DATASET RECORDS:

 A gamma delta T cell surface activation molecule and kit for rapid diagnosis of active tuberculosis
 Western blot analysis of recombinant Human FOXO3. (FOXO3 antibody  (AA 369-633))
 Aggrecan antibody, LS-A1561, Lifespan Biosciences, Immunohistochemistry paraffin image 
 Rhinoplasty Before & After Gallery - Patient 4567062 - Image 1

---

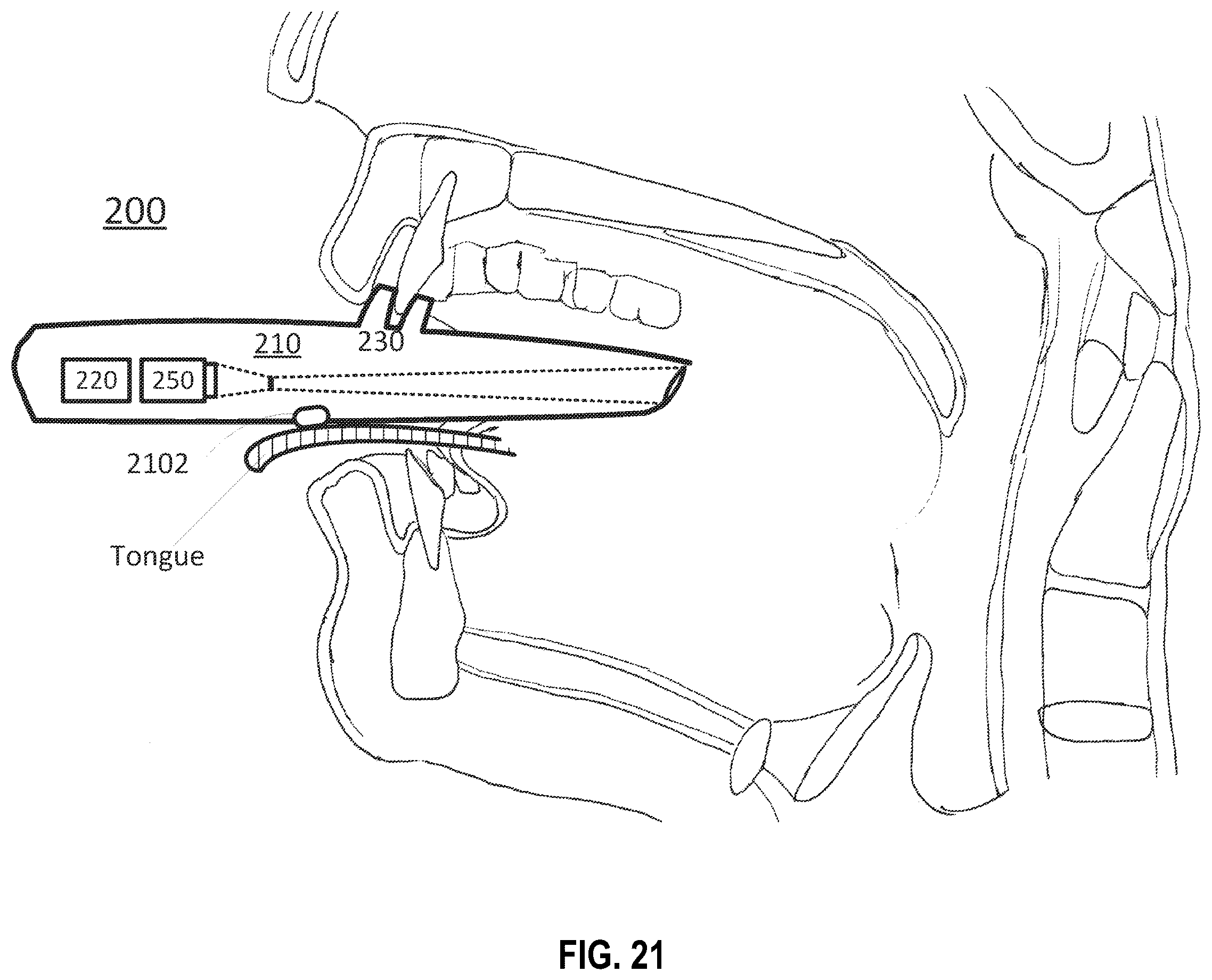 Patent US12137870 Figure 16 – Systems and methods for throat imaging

* * *

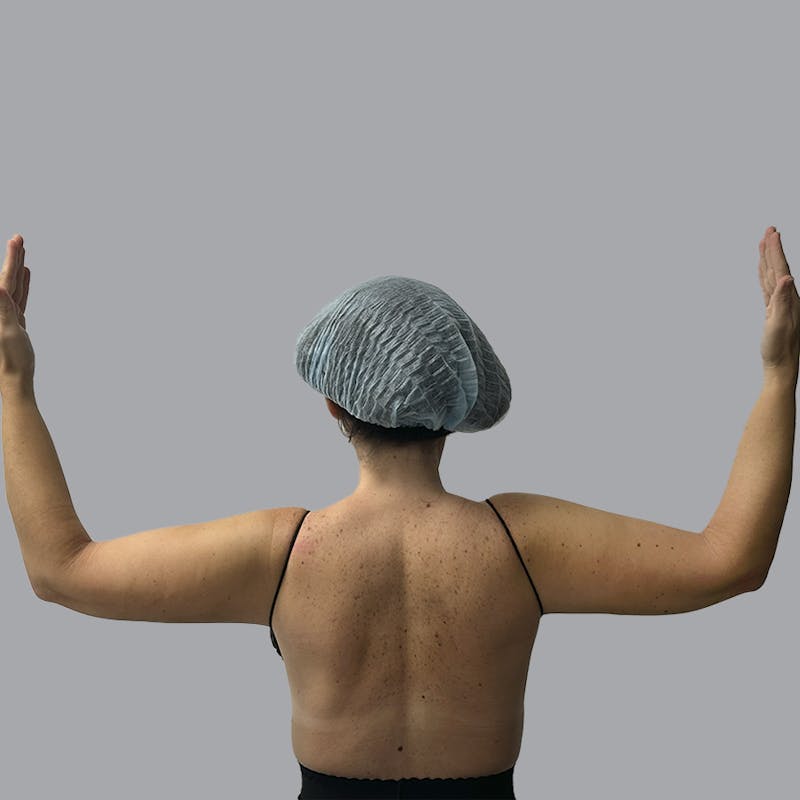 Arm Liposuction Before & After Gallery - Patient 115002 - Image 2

WORK REQUIRED: Begin with the line that has "Aggrecan antibody, LS-A1561, Lifespan" in the listing above and end after the line that has "Rhinoplasty Before &"; output those lines exactly.

OUTPUT FOR THIS EXERCISE:
 Aggrecan antibody, LS-A1561, Lifespan Biosciences, Immunohistochemistry paraffin image 
 Rhinoplasty Before & After Gallery - Patient 4567062 - Image 1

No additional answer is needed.